One only needs to change a single line of code.
I post this here hoping someone at EXELIS will see it and include in the next IDL distribution...
In practice the last few lines of the current KRIG2D routine (as of IDL 8.2.3) should be changed from this
;++++++++++++++++++++++++++++++
for j=0,ny-1 do begin ;Each output point
y0 = bounds[1] + gs[1] * j
for i=0,nx-1 do begin
x0 = bounds[0] + gs[0] * i
d[0] = reform(sqrt((x-x0)^2 + (y-y0)^2),n) ;distance
d = call_function(fname, d, t) ;Get rhs
d[n] = 1.0 ;lagrange constr
d=LUSOL( a, indx, d) ;Solve using LUDC results.
r[i,j] = total(d * z)
endfor
endfor
;------------------------------
into the following mathematically equivalent form, with LUSOL outside the double FOR loop and a change in the order of the array operations. This works because array multiplication is commutative.
;++++++++++++++++++++++++++++++
az = LUSOL(a, indx, [z,0.0]) ;Solve using LUDC results.

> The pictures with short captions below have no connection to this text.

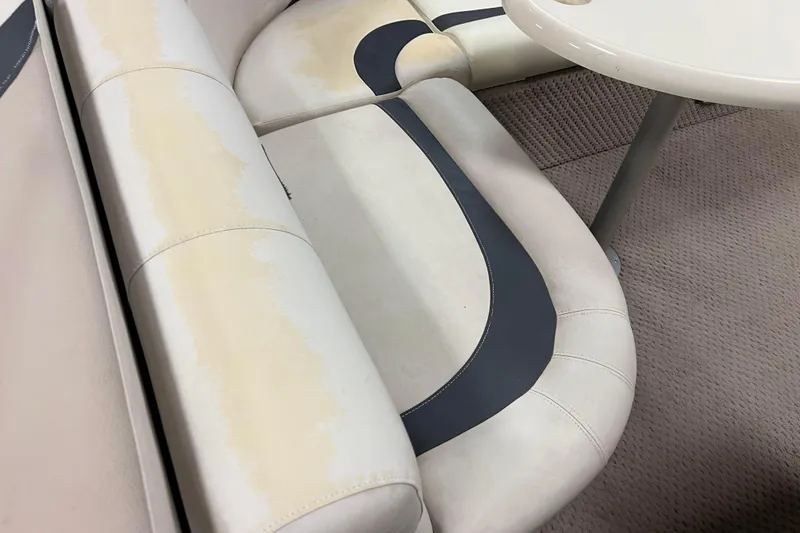 Slide: The Image of 2014 Avalon Grand Island 2485 QF boat seating with beige and navy upholstery. - 43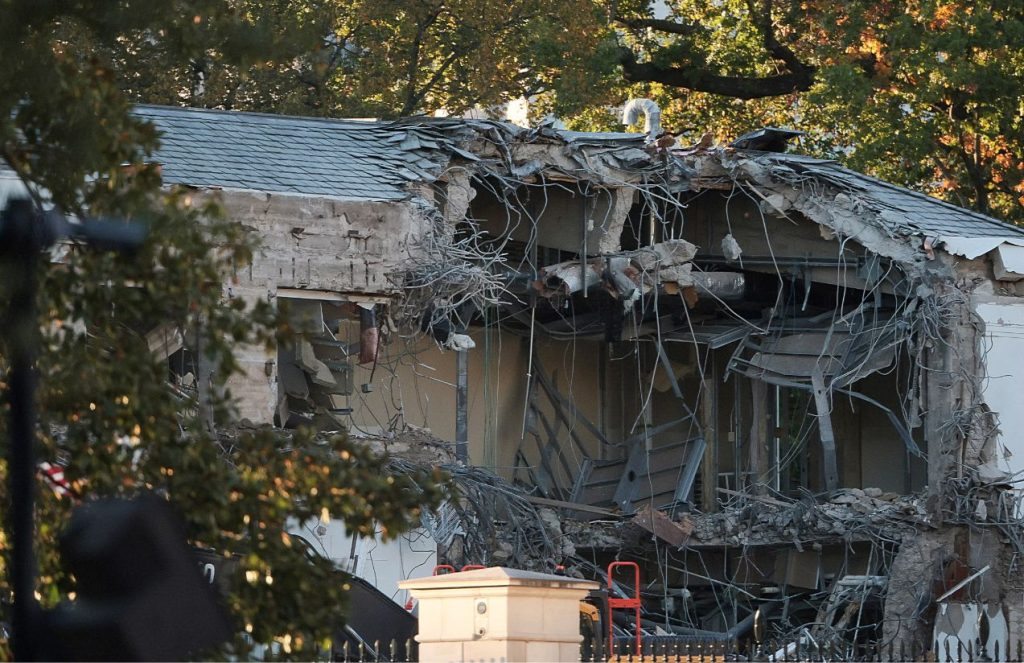 The east side of the White House almost completely demolished by a heavy construction machine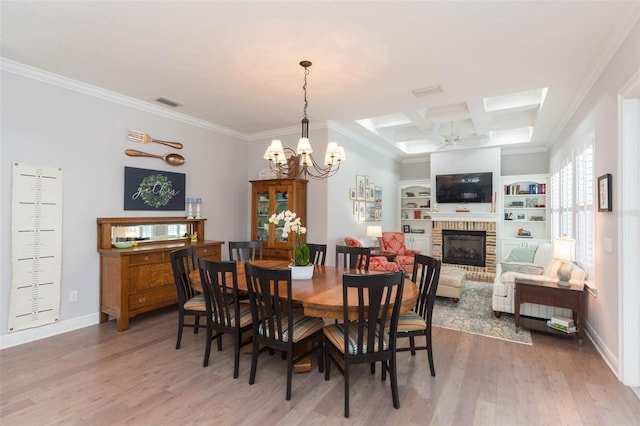 dining space featuring light wood finished floors, a brick fireplace, baseboards, ornamental molding, and coffered ceiling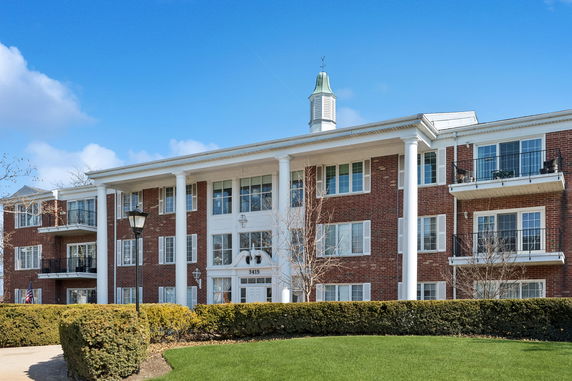 Front view of a multi-story brick building with large white columns.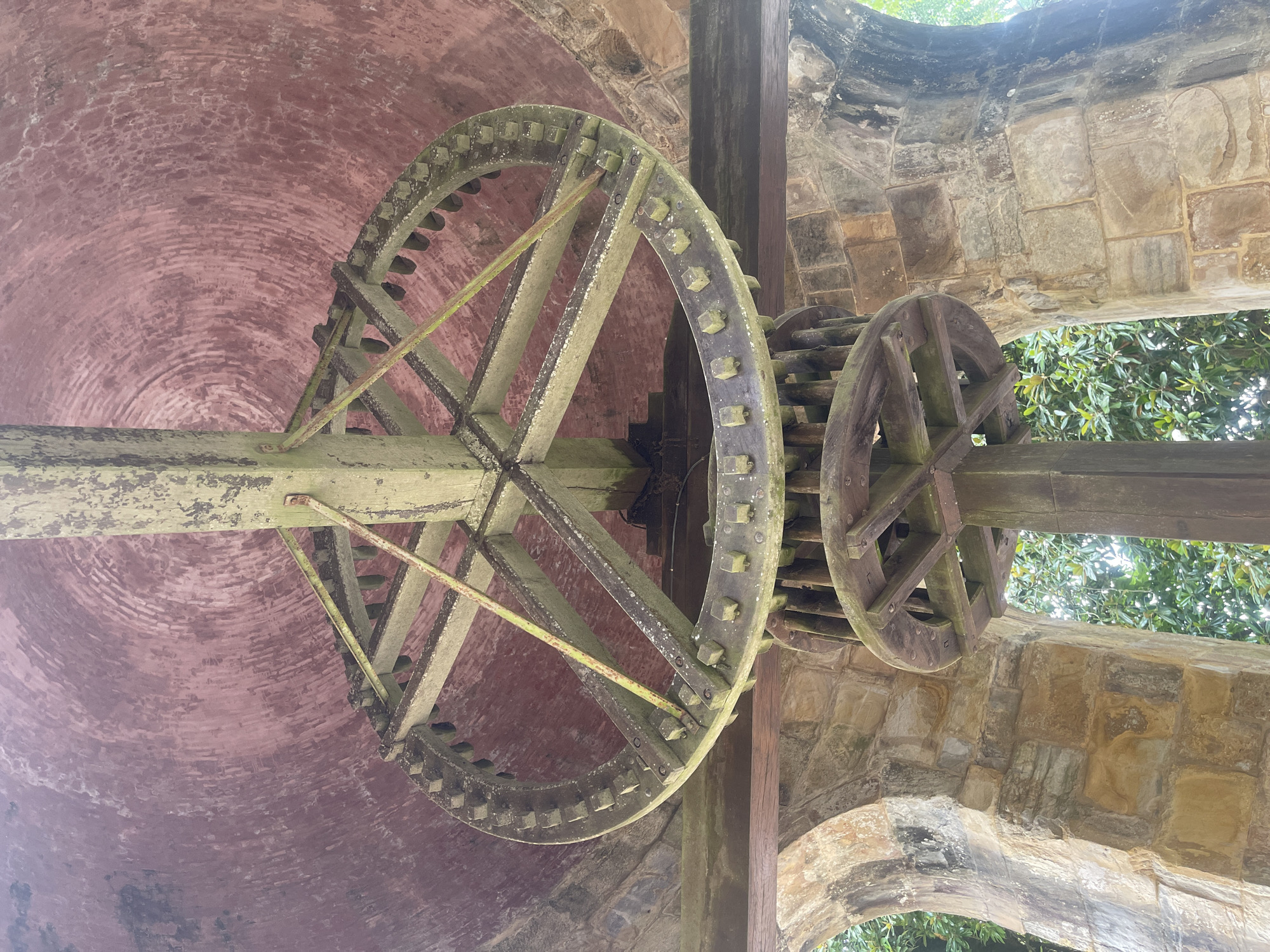 This image shows an interior view of a mill mechanism within the gardens of the Mafra National Palace in Mafra, Portugal. The central focus is a large, wooden gear wheel, likely part of a water or wind-powered system. The wheel has a toothed outer rim and is supported by wooden spokes radiating from a central axis. Below this larger wheel, a second, smaller wooden wheel with a similar spoked structure is visible.
The mechanism is housed within a circular structure, suggested by the domed, reddish-pink ceiling made of bricks, evident at the top of the frame. The walls appear to be constructed from rough-hewn stone blocks, forming arched openings through which greenery and trees are visible, indicating an outdoor setting within the palace grounds. The wooden components of the mill show signs of age and weathering, with moss or lichen growth and chipping paint on some surfaces. The lighting suggests it is daytime, with natural light illuminating the scene. There are no people or animals present.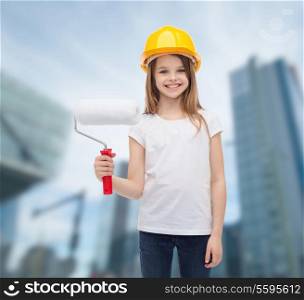 construction and people concept - smiling little girl in protective helmet with paint roller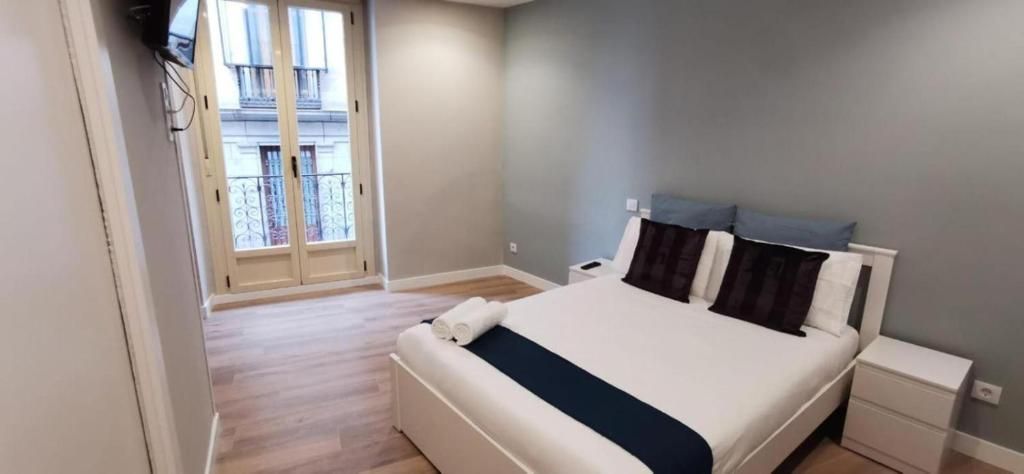 Un dormitorio con una cama, mesita de noche y televisión.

for j=0,ny-1 do begin ;Each output point
y0 = bounds[1] + gs[1] * j
for i=0,nx-1 do begin
x0 = bounds[0] + gs[0] * i
d[0] = reform(sqrt((x-x0)^2 + (y-y0)^2),n) ;distance
d = call_function(fname, d, t) ;Get rhs
d[n] = 1.0 ;lagrange constr
r[i,j] = total(d * az)
endfor
endfor
;------------------------------
In the following example, with a large number of output points, my modified routine KRIG2D_MODIFIED is 30x faster than IDL's KRIG2D and also 7x faster than the native code GRIDDATA. This suggests that GRIDDATA is making the same mistake as KRIG2D of including the back substitution inside the final for loop.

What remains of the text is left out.